According to Andrew McAfee of the MIT Centre for Digital Business in an article in MIT Sloan Management Review many companies still practice decision making by Hippo. Actually he refers to it as HPPO, the Highest Paid Persons Opinion.
This resonated with me having just completed the draft for a chapter on networked decision making in our upcoming book Decision Sourcing, published by Gower.
McAfee argues that the next wave of enterprise 2.0 will see organisations make decisions in new ways. Decision making by HPPO is in sharp decline.
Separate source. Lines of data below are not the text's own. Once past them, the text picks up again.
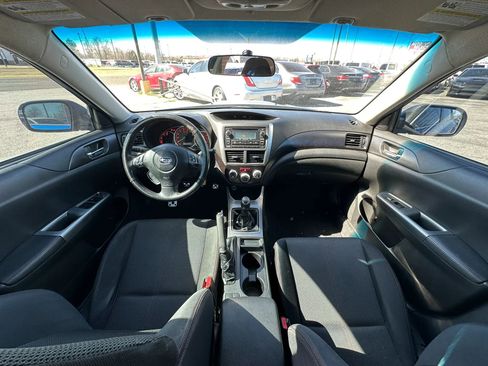 Used 2014 Subaru Impreza WRX WRX Sedan 4D image 2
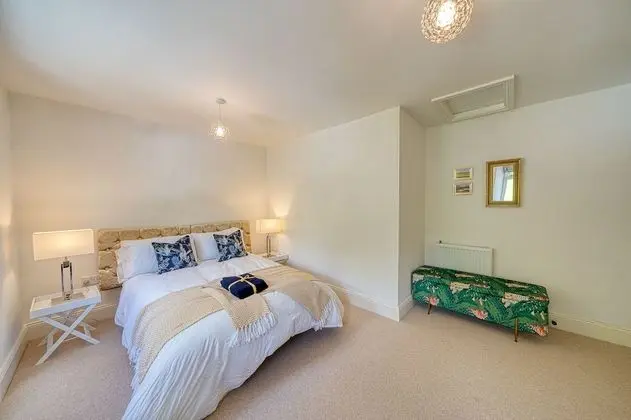 Deluxe Kır Evi, Banyolu/Duşlu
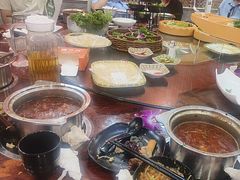 -塔兰齐新疆孜然火锅(鲤鱼山路店)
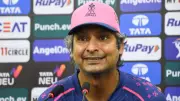 Rajasthan Royals Reappoint Kumar Sangakkara as Head Coach for IPL 2026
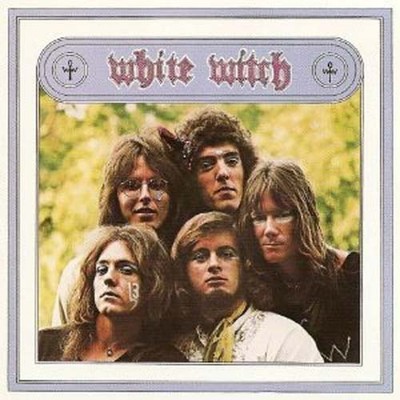 CD - White Witch / White Witch (8512)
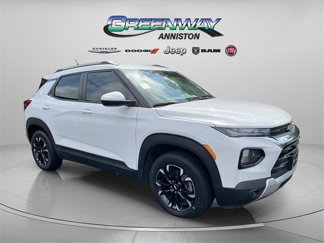 Used 2021 Chevrolet TrailBlazer LT image 1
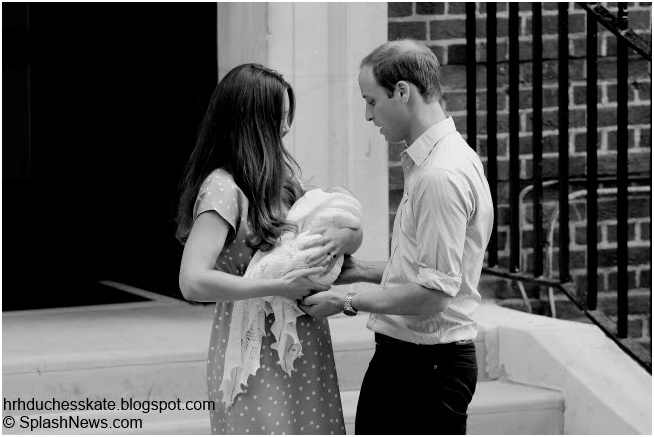 ภาพชัดๆ เจ้าชายพระองค์น้อยของ 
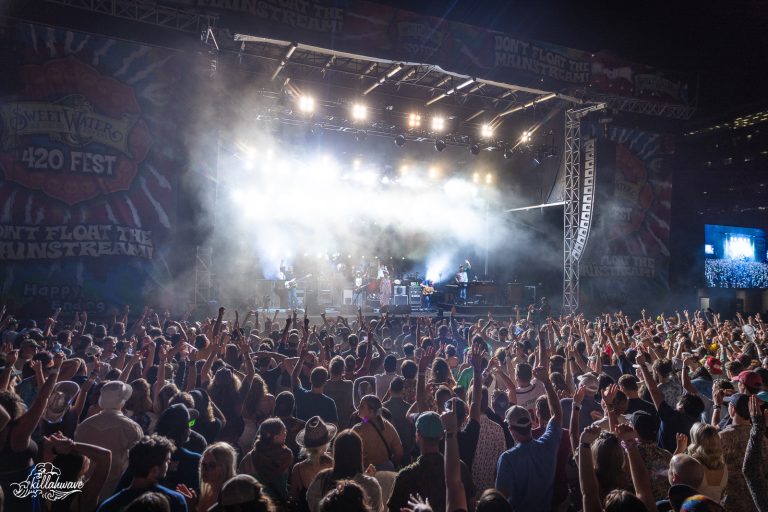 Sweetwater 420 Festival Day 2 | Centennial Olympic Park | 4/29/2022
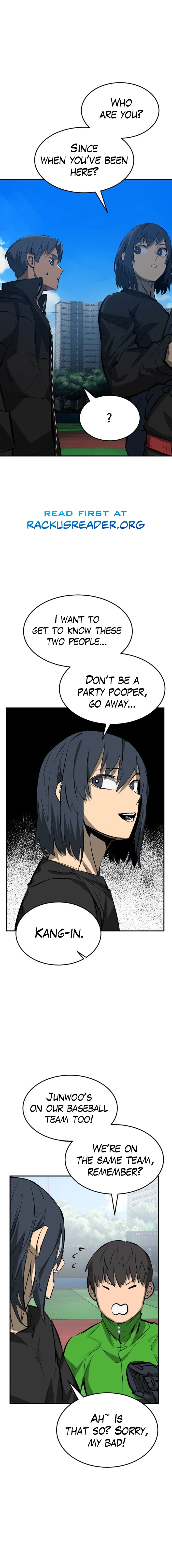 Winning Shot! Chapter 18 Page 19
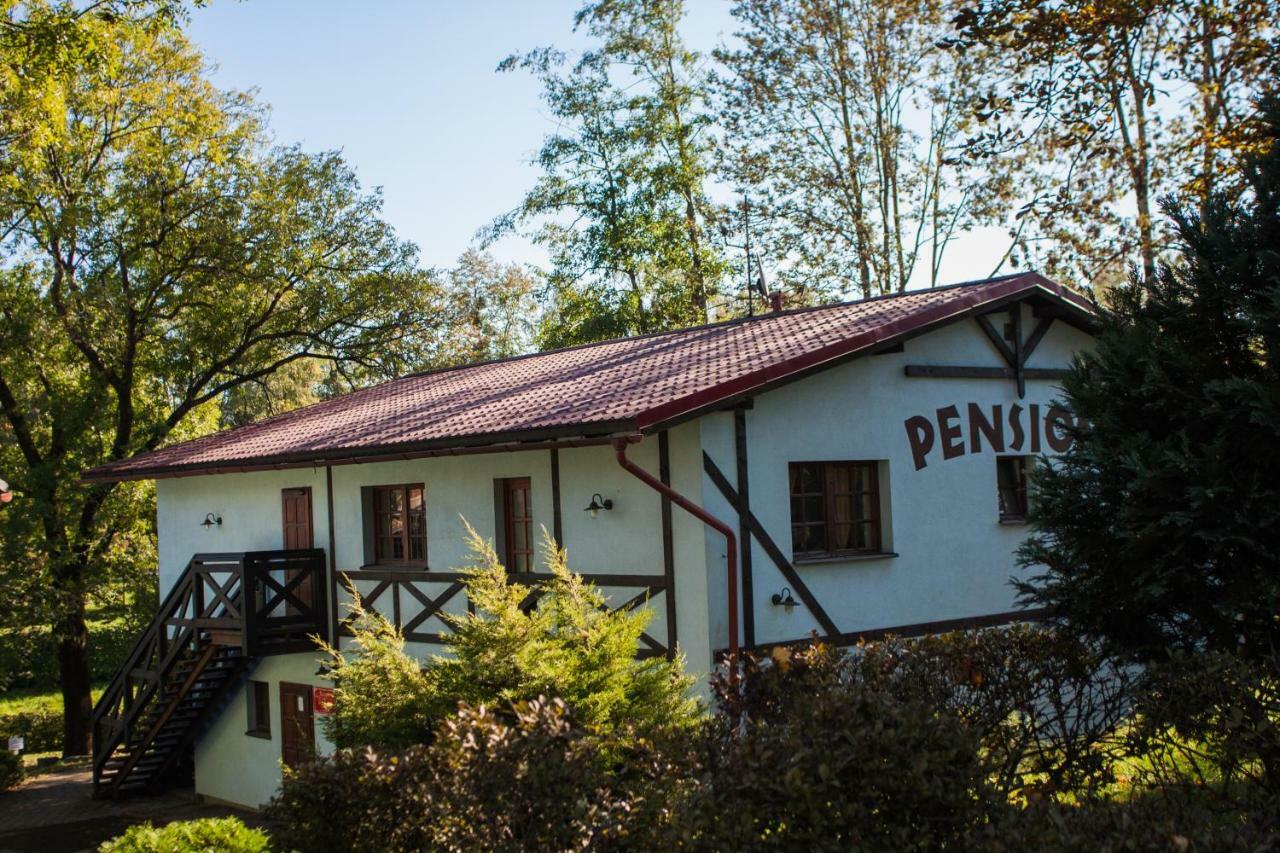 Terra Otel Trinec Dış mekan fotoğraf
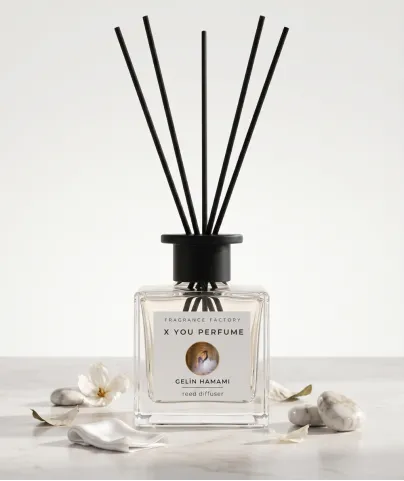 Gelin Hamamı Reed Diffuser Oda Kokusu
The book argues that the current default mechanic for organisational decision making , the hierarchy, has literally run out of steam. It’s origins are rooted in a time where capital was scarce and labour was abundant. The top of the hierarchy was probably occupied by the owner of the capital. They also had the most business experience, the most knowledge and enough life experience to co-ordinate the work of everyone else. In a knowledge based economy, these things just don’t align any more. One of the hottest jobs at the moment, that of ‘community manager’ didn’t exist five years ago. If you are managing a community manager today, you have most likely never been a community manager yourself. As a manager of a community manager you better be good at co-ordinating the work of others, the primary purpose of management because you are not adding too much in the way of domain experience.
Social Decision Making, those decisions made by Socially aligned organisations will take many more inputs, many more perspectives all helped by the automation afforded by enterprise social platforms. There will be no decision made simply because of the HiPPO. They will undoubtedly be better for it.